TL;DR
A WireGuard mesh is a network where any peer can establish a direct, encrypted tunnel to any other peer. Building one by hand with static configuration files works for a handful of peers and breaks at about ten, because peer configuration grows as O(N²) and NAT traversal requires real-time signalling. A coordination server solves both problems: it distributes peer information and orchestrates NAT traversal. Most mesh VPN products (Tailscale, NetBird, QuickZTNA, Headscale + Tailscale clients) differ in the coordination server, not in the underlying WireGuard data plane. This post explains what breaks at scale, how coordination servers solve it, and how to pick between DIY and a product.
Who this is for
Engineers running WireGuard deployments who are hitting the config-file scaling wall. Homelab builders wondering whether to roll their own or buy a product. Platform teams evaluating the WireGuard-based mesh VPN category.
1. What a WireGuard mesh actually is
Vanilla WireGuard is a point-to-point protocol. Two peers have public keys, exchange them out-of-band, configure each other as peers, and a tunnel comes up.
A mesh extends this: every peer can potentially tunnel to every other peer. “Potentially” because in practice, most traffic is between a small subset of peers; tunnels are typically established on demand and torn down when idle.
The mesh property matters because it eliminates the concentrator bottleneck of hub-and-spoke VPNs. Two engineers on laptops in the same building, on the same mesh, communicate directly through their local network — not through a concentrator halfway across the world.
2. The O(N²) config problem
Bare WireGuard has no peer discovery.
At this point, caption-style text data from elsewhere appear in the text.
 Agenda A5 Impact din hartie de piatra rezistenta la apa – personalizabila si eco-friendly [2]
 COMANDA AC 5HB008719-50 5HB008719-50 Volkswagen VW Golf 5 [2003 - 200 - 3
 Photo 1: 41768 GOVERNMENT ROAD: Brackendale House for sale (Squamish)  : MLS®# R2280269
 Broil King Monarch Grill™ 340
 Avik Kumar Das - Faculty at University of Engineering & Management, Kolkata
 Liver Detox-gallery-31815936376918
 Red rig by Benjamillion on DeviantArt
Each peer must be told about every other peer it might want to reach.
A peer configuration looks like this:
[Interface]
PrivateKey = (this peer's private key)
Address = 10.0.0.1/32
ListenPort = 51820
[Peer]
PublicKey = (peer 2's public key)
AllowedIPs = 10.0.0.2/32
Endpoint = peer2.example.com:51820
[Peer]
PublicKey = (peer 3's public key)
AllowedIPs = 10.0.0.3/32
Endpoint = peer3.example.com:51820
...
For N peers, each peer needs (N-1) Peer blocks. Total config lines scale as N². At N=10, manageable. At N=50, painful. At N=100, infeasible.
Worse: every time you add a peer, you must update N-1 existing configs. Every time a peer’s endpoint changes (new IP, different network), you must update N-1 configs. Every time a peer’s public key rotates, same.
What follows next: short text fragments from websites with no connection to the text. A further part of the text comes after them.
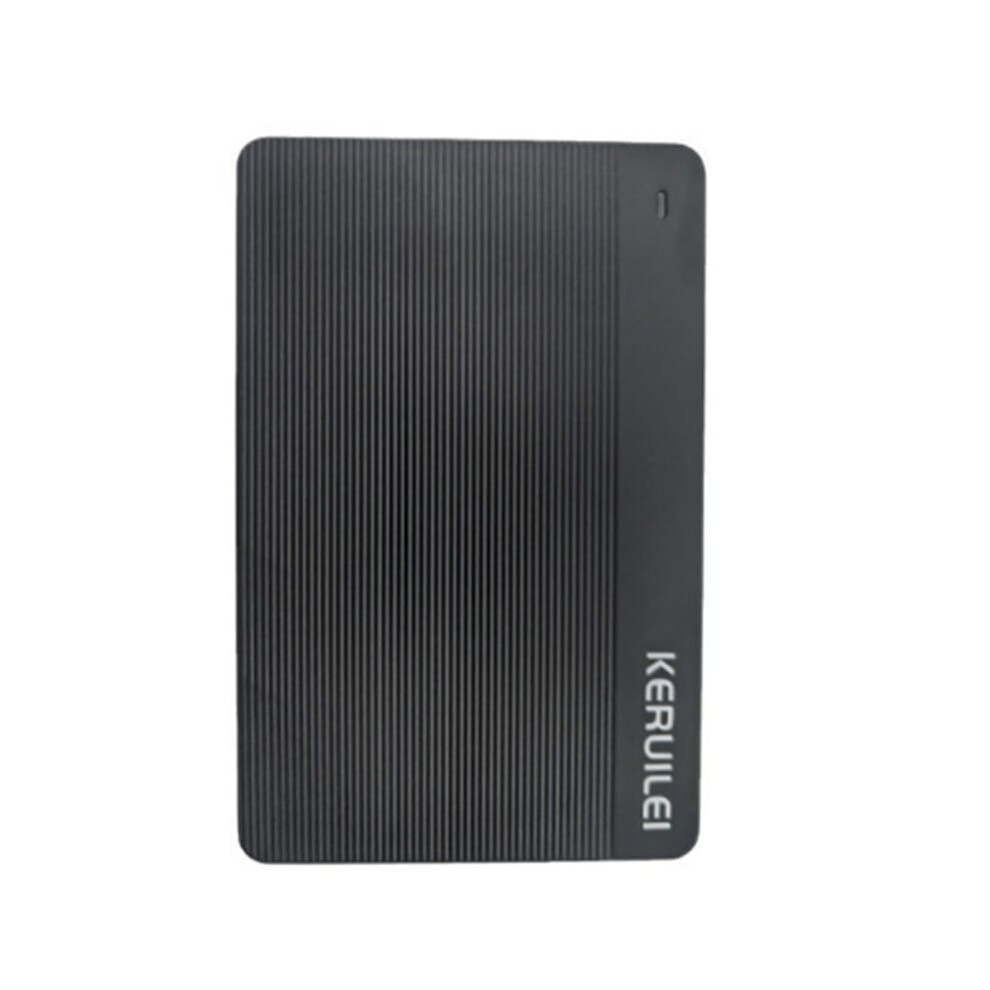 Keruilei Mobile Hard Disk 160G Mechanical 2.5 Inch External Usb3.0 6032000450459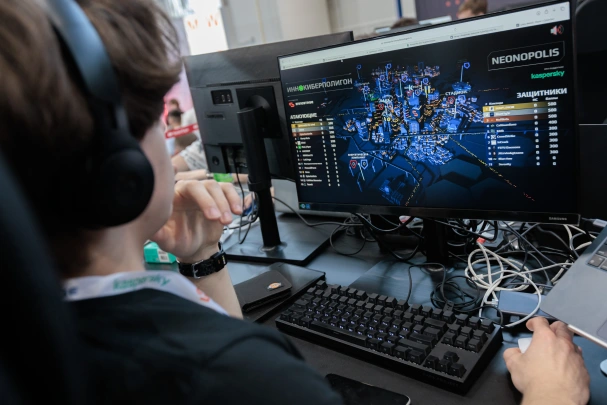 Разоблачен миф о компьютерах и зрении: в чём настоящая причина усталости глаз?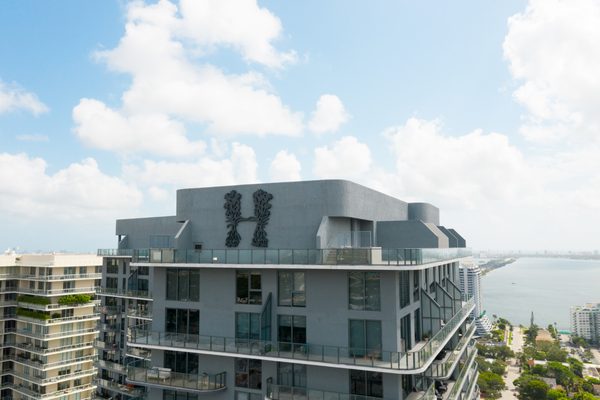 Hyde Midtown Miami — Property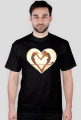 HEART T-SHIRT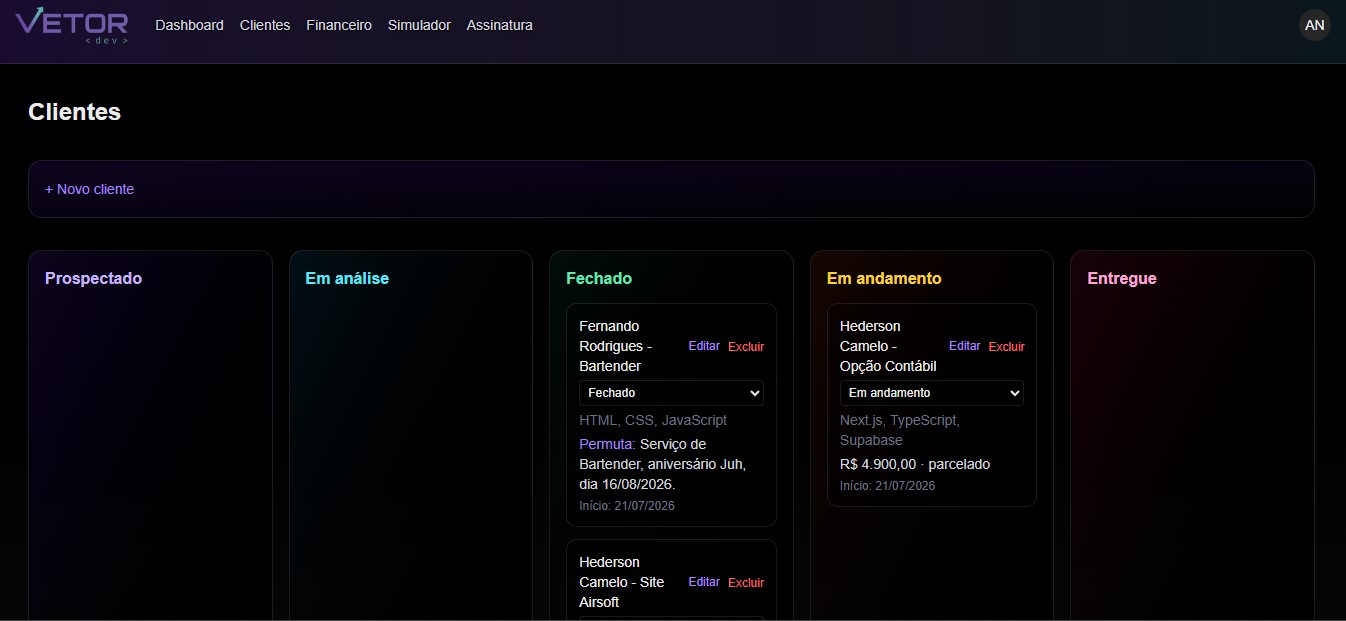 Vetor 3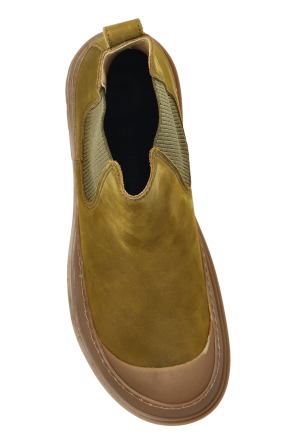 Birkenstock "PRESCOTT SLIP ON" Chelsea Boots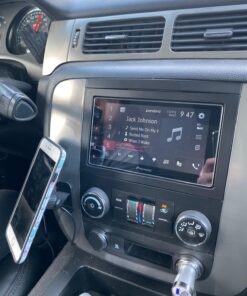 Pioneer MVH1400NEX 6.2 Inches B07951J34N 61 717TTSFTWiL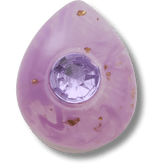 Alexandrite June Birthstone Collection Jibbitz™ charms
Static configuration breaks at the first IP change. Coordination servers solve this by distributing current peer information on demand.
3. The NAT traversal problem
Most devices are behind NAT. A laptop on home Wi-Fi has a private IP. A phone on mobile data has a carrier-grade NAT IP that is not reachable from the outside without a punch.
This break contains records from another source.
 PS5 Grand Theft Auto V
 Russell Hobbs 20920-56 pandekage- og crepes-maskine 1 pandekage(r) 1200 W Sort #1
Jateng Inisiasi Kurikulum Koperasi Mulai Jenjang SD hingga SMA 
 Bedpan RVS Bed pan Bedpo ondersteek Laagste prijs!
Classical VPN hub-and-spoke avoids the problem: peers only need to reach the hub, which has a public IP, and the hub forwards packets. Mesh needs peers to reach each other directly.
NAT traversal has three techniques:
- STUN. RFC 5389 defines a protocol for discovering your public endpoint as seen by an external server. Both peers query STUN, learn their public endpoints, then exchange those through some other channel (the coordination server).
- UDP hole punching. Both peers simultaneously send packets to the other’s discovered public endpoint. The NAT mapping opens when the outbound packet goes out; the inbound packet arrives at the open hole. Works for most NATs; fails for “symmetric NAT” which varies the mapping per destination.
- Relay fallback. When hole punching fails, an intermediate server forwards packets. Slower than direct but always works.
A coordination server is where STUN endpoints and NAT hints are exchanged. Without one, peers have no way to coordinate a hole punch.
4. What a coordination server does
A coordination server is a control-plane component that does not itself carry user traffic. Its jobs:
4.1 Peer registration and key distribution
Every peer registers with the coordination server, providing its public key, identity, and current endpoint. The server distributes a current peer list to every other peer on request.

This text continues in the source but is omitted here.